TASK INPUTS =>

______

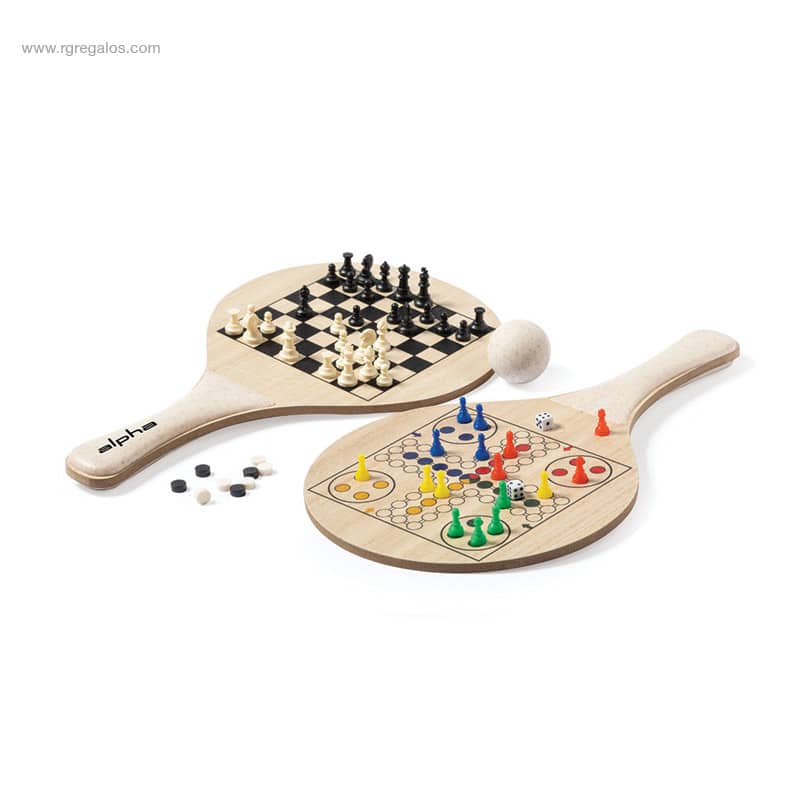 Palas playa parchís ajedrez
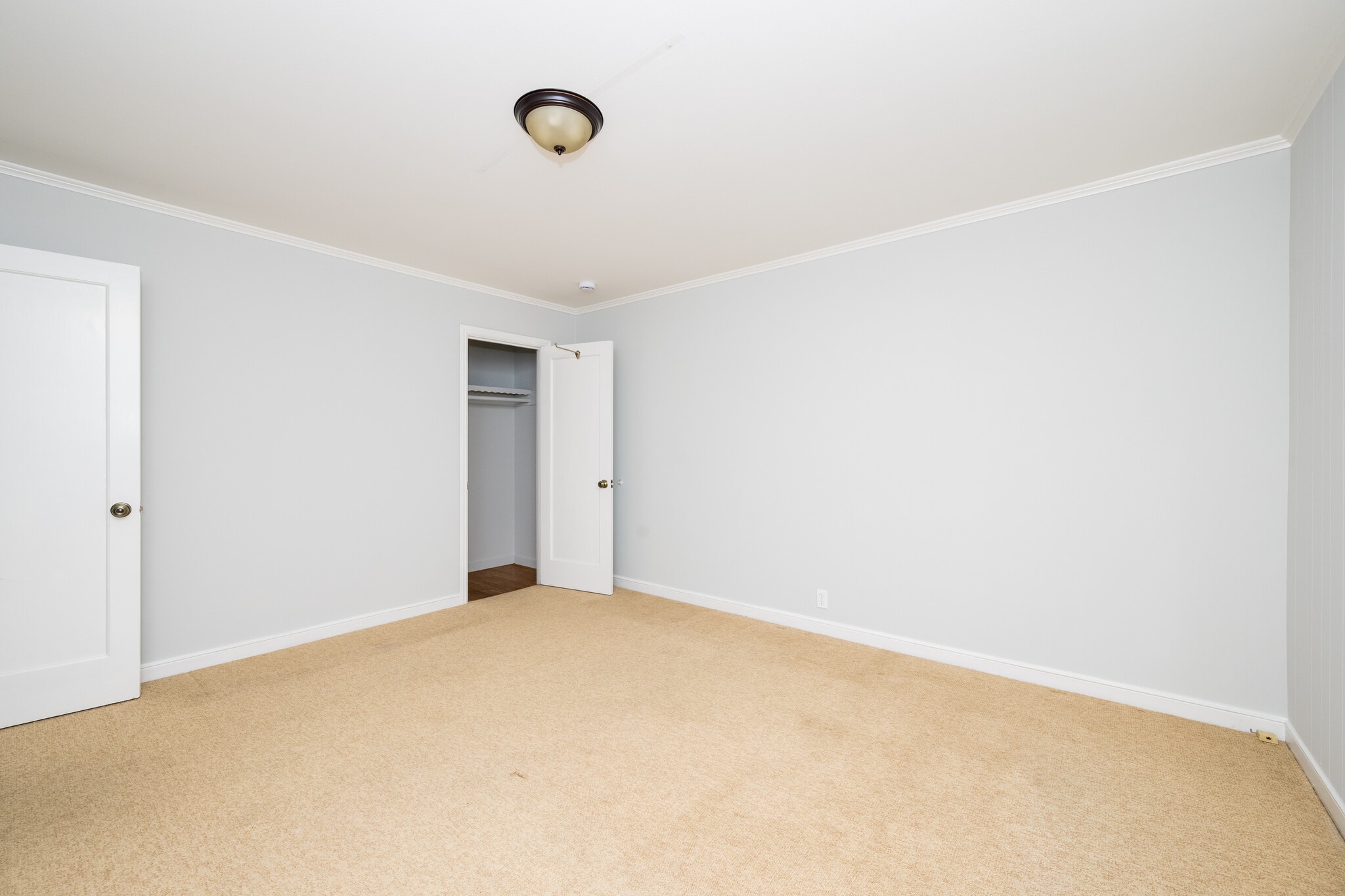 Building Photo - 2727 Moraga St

______

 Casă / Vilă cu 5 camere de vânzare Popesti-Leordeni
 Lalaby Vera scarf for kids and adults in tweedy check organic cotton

______

WHAT YOU HAVE TO DO =>
Everything above from the line containing "Casă / Vilă" through the line containing "Lalaby Vera scarf" must be copied exactly. Nothing outside that range belongs in the answer.

FINISHED EXERCISE =>
 Casă / Vilă cu 5 camere de vânzare Popesti-Leordeni
 Lalaby Vera scarf for kids and adults in tweedy check organic cotton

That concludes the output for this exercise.